Features of Variable Pay
Variable pay is one component of a compensation program in an organization. While it can take many forms, the following are the different types of variable pay programs for employees;
This is the most common type of variable pay. Incentives that are used as part of a compensation program is typically designed to motivate employees not just to complete certain important tasks, but to reach the company’s goals on various assignments. Incentives are also commonly used in a project management setting, and are usually explained in the employee’s offer letter, employment agreement or contract.
To find out if you can pay an incentive to your employees, it is important for businesses to first determine what projects or goals are important for them to complete. Once you’ve figured that out, those are the projects or goals you will want to offer incentives for to your employees. This is so your employees remain focused on the goal and perform at optimum levels in order to achieve that goal. It is also important to keep in mind that the incentives you offer as an employer does not have to be in the form of cash payments. They can be in the form of gift cards, prizes or trips that have a monetary value to the employee.
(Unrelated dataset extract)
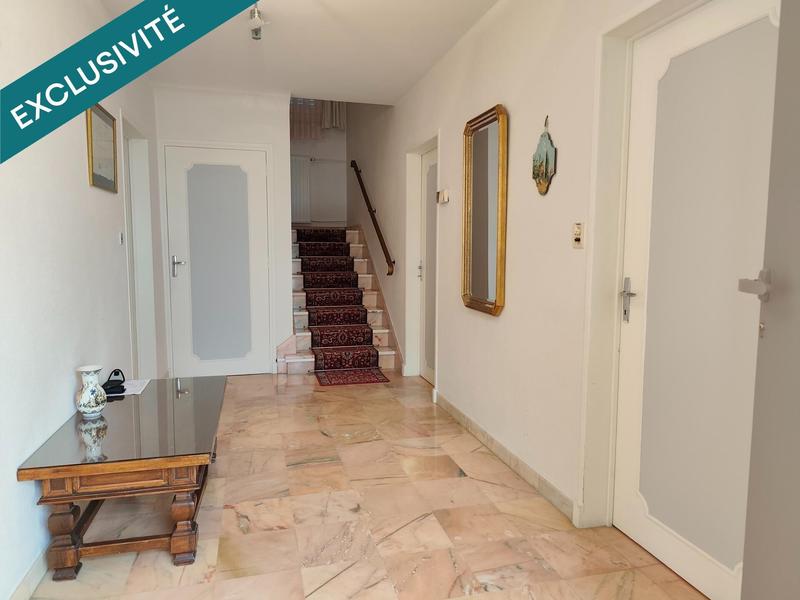 Maison - 108 m² - 5 pièces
Bonuses are often offered as part of an employee’s compensation program. Usually, bonuses depend on the performance of an employee. For instance, if a business employs a sales staff, some form of variable pay will have to be paid to them for achieving their targets. This will oftentimes be in the form of a bonus, which is based on how much revenue each of the employees bring into the company. The bonuses can also be based on certain scores that are predetermined by the organization.
To get an idea of what you would like to offer your employees as a bonus for their efforts, businesses first need to realize which products or services they want their employees to focus on more, or a key result area that all employees need to work towards.
Recognition and Rewarding
Offering employees rewards and recognition for their efforts is also another form of variable pay that’s offered by businesses. This type of variable pay can also help in boosting the overall engagement and performance level of the employees and can also help increase retention in a company. While the rewards or recognition might not have any monetary value, it will have to be of some value to the employees so they are motivated to perform well.
For instance, the IT department within an organization is not tasked with selling products or services, but can receive rewards for other aspects of their job description, such as, internal customer support, or the number of days the company’s system has not crashed, or their swiftness in dealing with IT issues.
At the end of the day, variable pay is a tool that companies can use to help motivate their employees into performing better. Variable pay tends to keep employees engaged as they work together to reach a common goal in the best way possible by working harder and being better at their job. Keeping that in mind, variable pay is a great choice for incentivizing your employees.